EXTRACTED RECORDS:
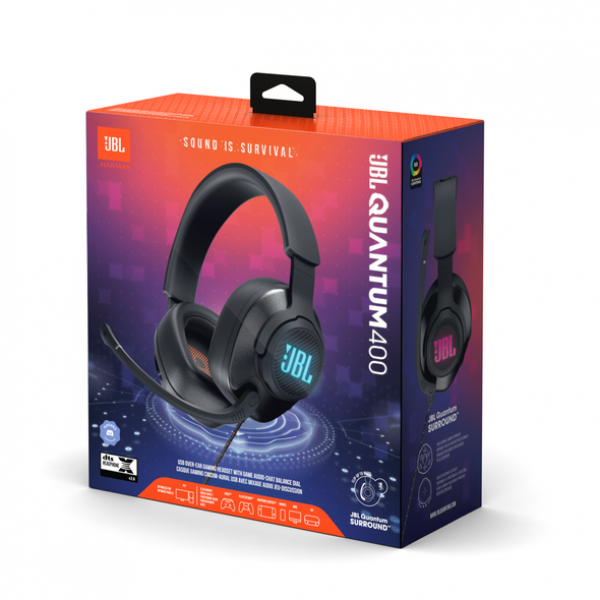 JBL Quantum 400 Headphones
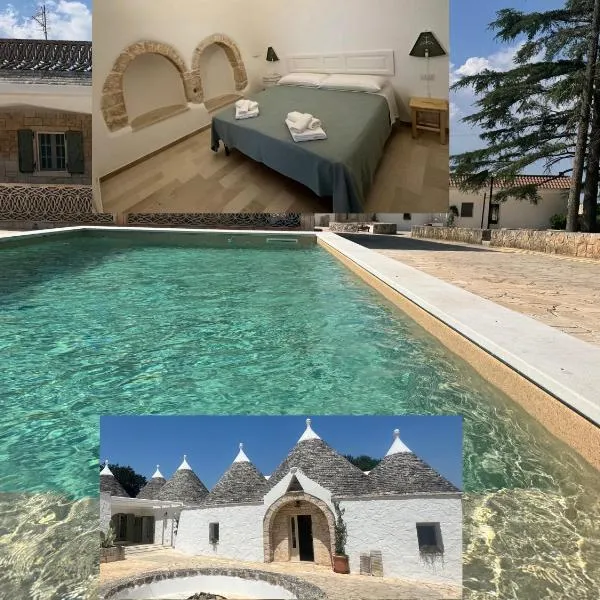 Otto Trulli Apulian Country House, hotel in Noci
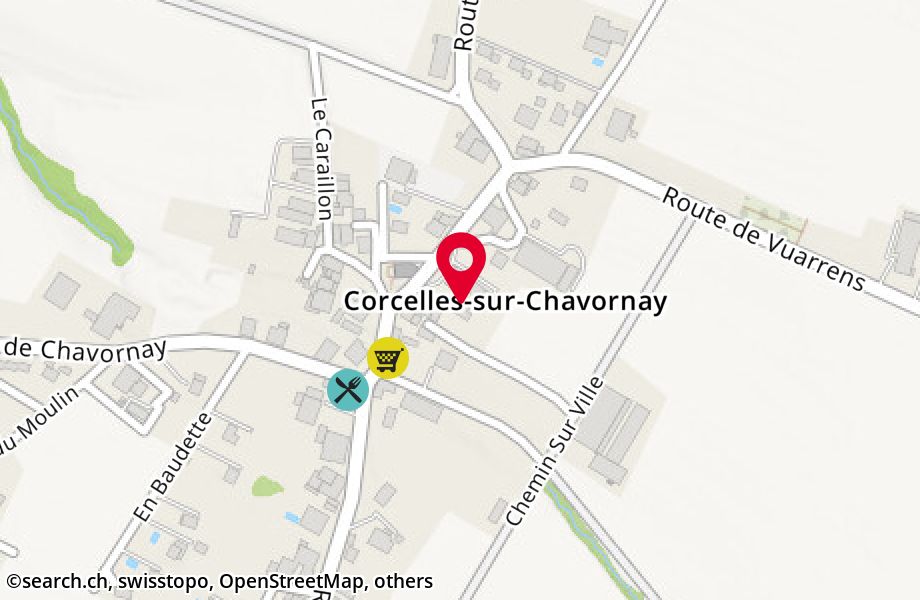 Rue des Hirondelles 8, 1374 Corcelles-sur-Chavornay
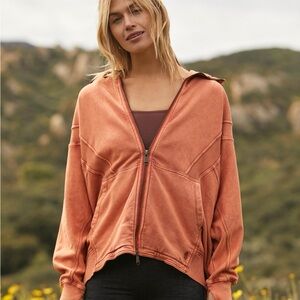 Free People All Your Love
Solid Hoodie By Fp Movement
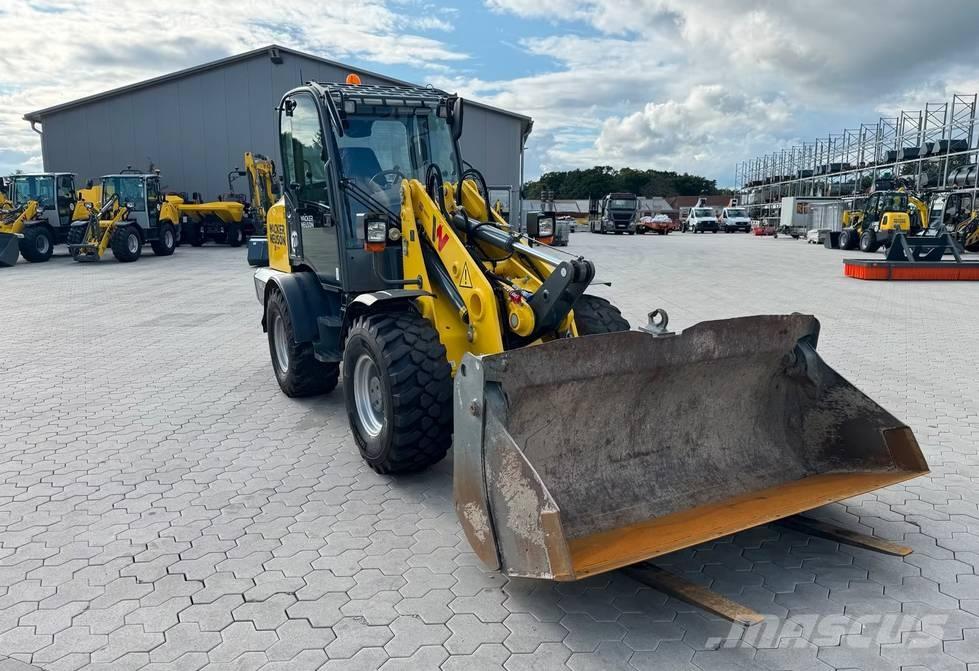 Wacker Neuson WL 70 Ładowarki burtowe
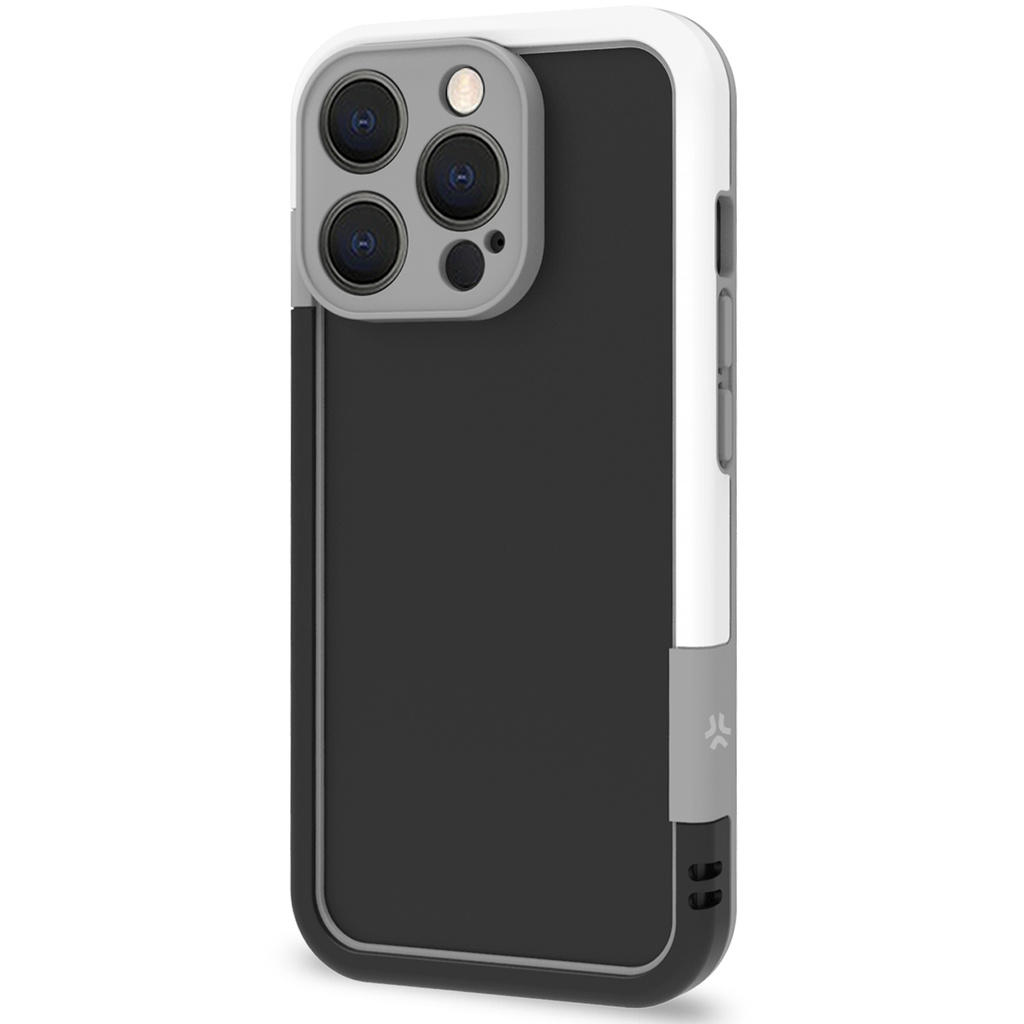 Bumper iPhone 16 Pro Svart/Vit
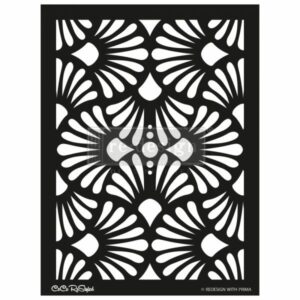 Re-Design Decor Stensill - Modern Deco 18"x25,5"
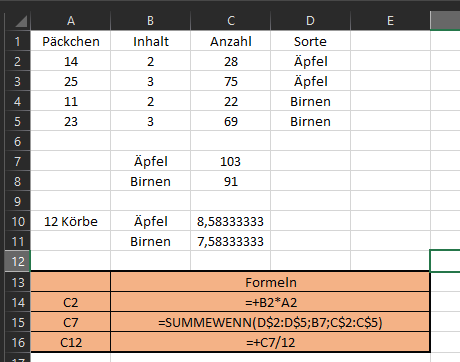 - (Mathematik, Microsoft Excel)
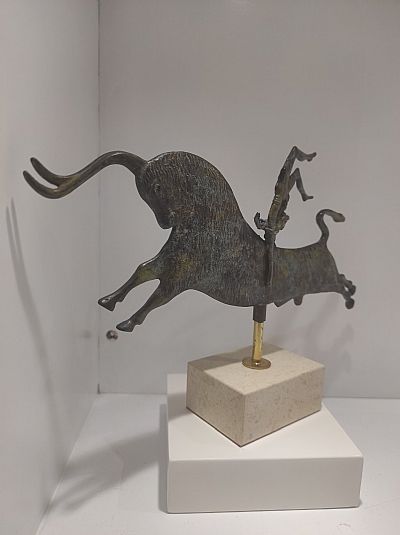 Bull-leaping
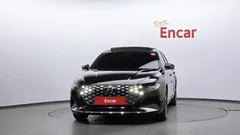 2023 Hyundai Grandeur Exclusive, чёрный — фото 3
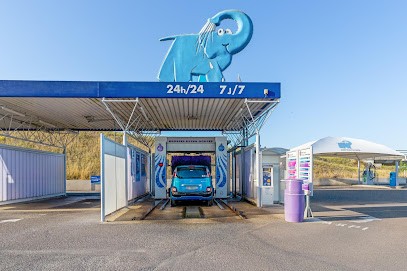 Eléphant Bleu, Station de Lavage à Royan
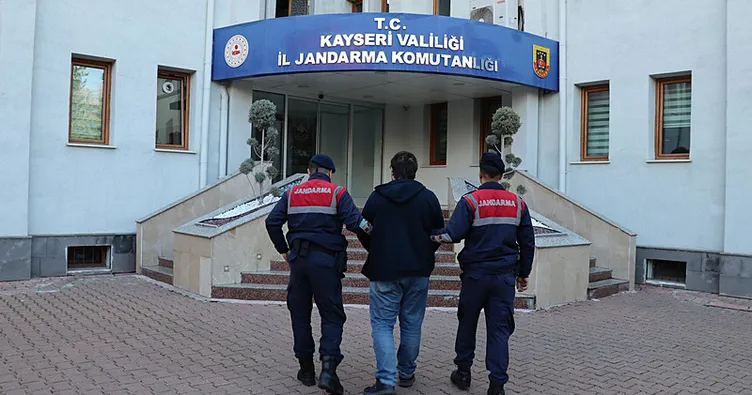 Kayseri’de DEAŞ operasyonu: 1 gözaltı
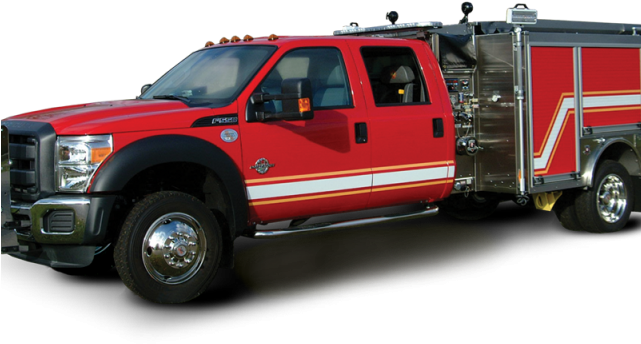 Fire Truck Clipart Track - Fire Trucks (640x480), Png Download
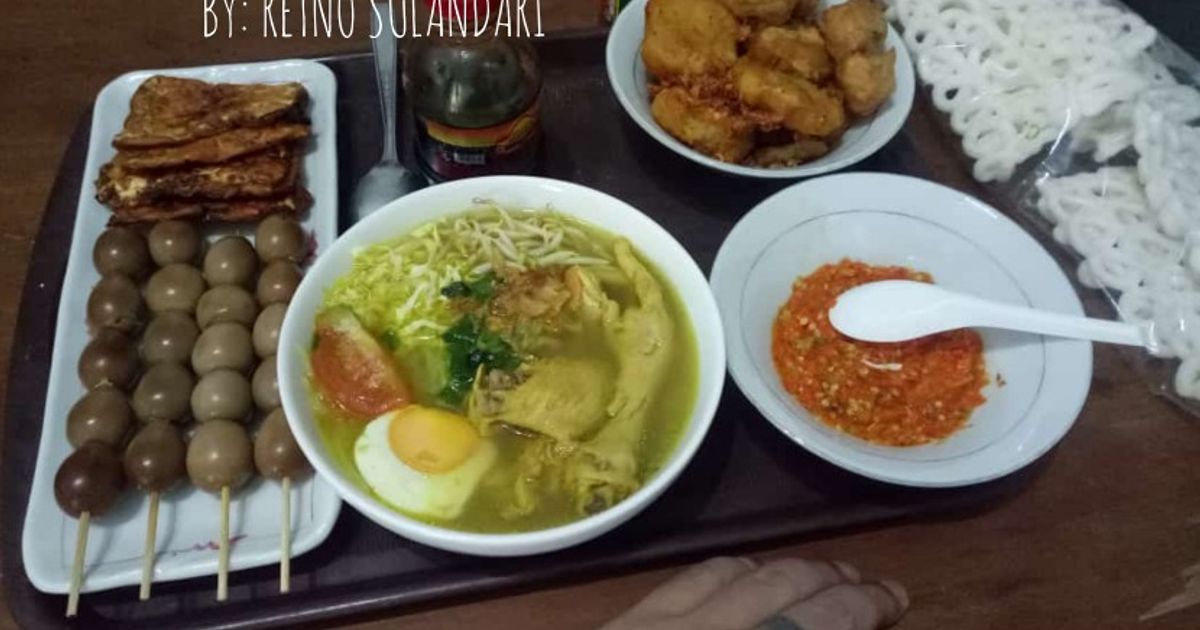 14✓ SOTO AYAM Lamongan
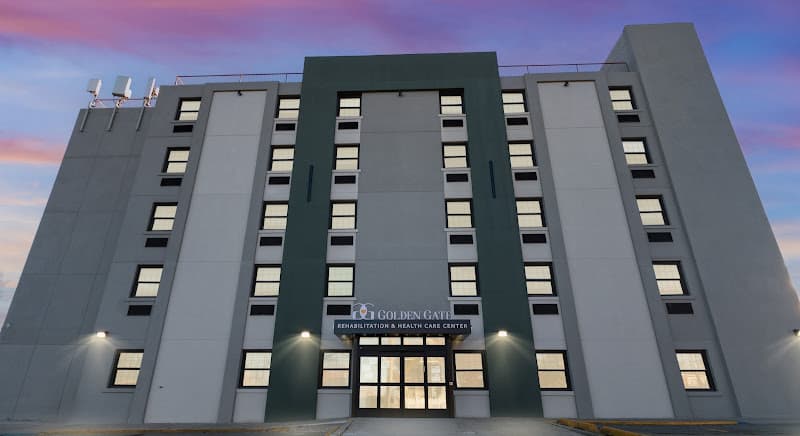 GOLDEN GATE REHABILITATION & HEALTH CARE CENTER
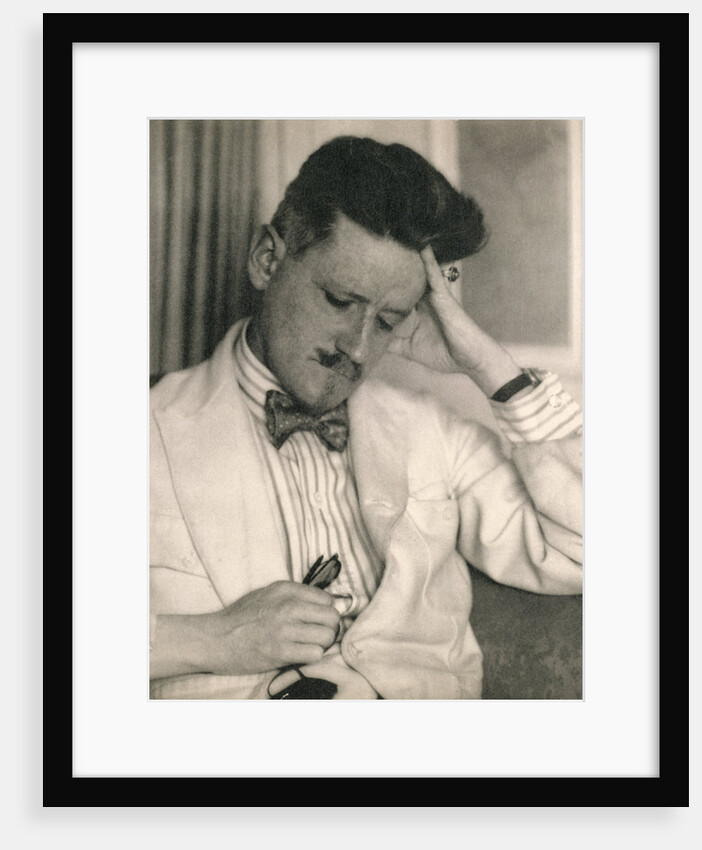 James Joyce by Anonymous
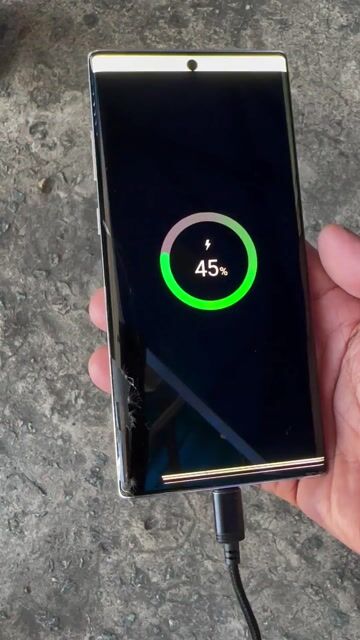 Samsung Note 10 Plus 5G 12GB 256GB Trắng. Mua bán Điện thoại tại Quận Ninh Kiều Cần Thơ được đăng bởi đồ điện tử cũ  hình 1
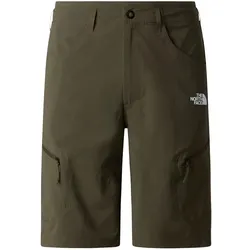 North Face, Herren, Outdoorhose, Exploration Short (36, L), Grün, Braun
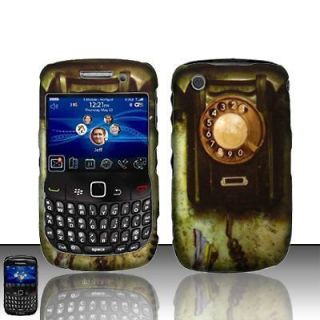 Telephone Hard Case Phone Cover BlackBerry Curve 8520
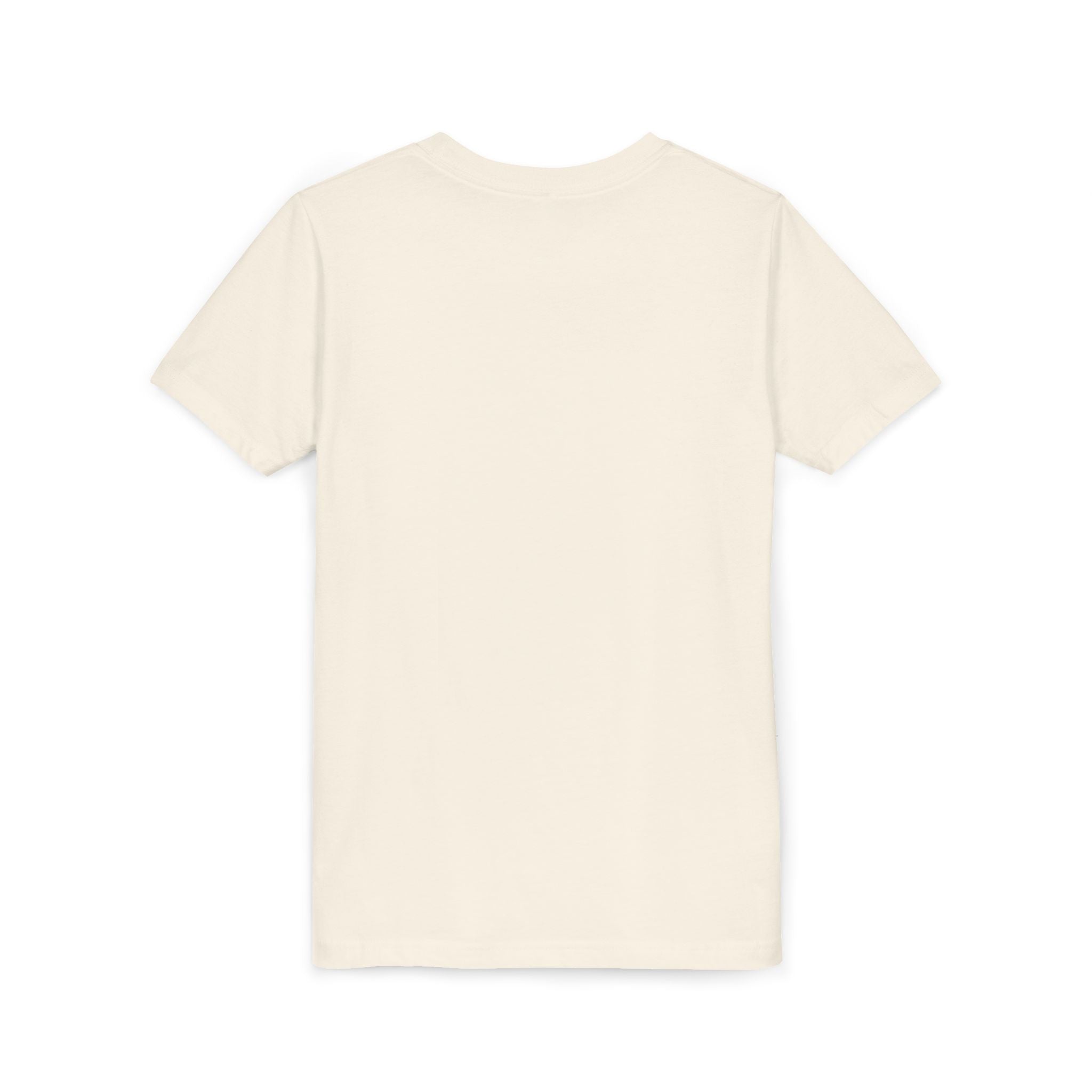 Mushroom Frequency Youth Tee — Playful Peace Sign Graphic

EXERCISE AIM: All the lines above must be written out exactly, without a single picture.

EXERCISE OUTPUT:
 JBL Quantum 400 Headphones
 Otto Trulli Apulian Country House, hotel in Noci
 Rue des Hirondelles 8, 1374 Corcelles-sur-Chavornay
 Free People All Your Love
Solid Hoodie By Fp Movement
 Wacker Neuson WL 70 Ładowarki burtowe
 Bumper iPhone 16 Pro Svart/Vit
 Re-Design Decor Stensill - Modern Deco 18"x25,5"
 - (Mathematik, Microsoft Excel)
 Bull-leaping
 2023 Hyundai Grandeur Exclusive, чёрный — фото 3
 Eléphant Bleu, Station de Lavage à Royan
 Kayseri’de DEAŞ operasyonu: 1 gözaltı
 Fire Truck Clipart Track - Fire Trucks (640x480), Png Download
 14✓ SOTO AYAM Lamongan
 GOLDEN GATE REHABILITATION & HEALTH CARE CENTER
 James Joyce by Anonymous
 Samsung Note 10 Plus 5G 12GB 256GB Trắng. Mua bán Điện thoại tại Quận Ninh Kiều Cần Thơ được đăng bởi đồ điện tử cũ  hình 1
 North Face, Herren, Outdoorhose, Exploration Short (36, L), Grün, Braun
 Telephone Hard Case Phone Cover BlackBerry Curve 8520
 Mushroom Frequency Youth Tee — Playful Peace Sign Graphic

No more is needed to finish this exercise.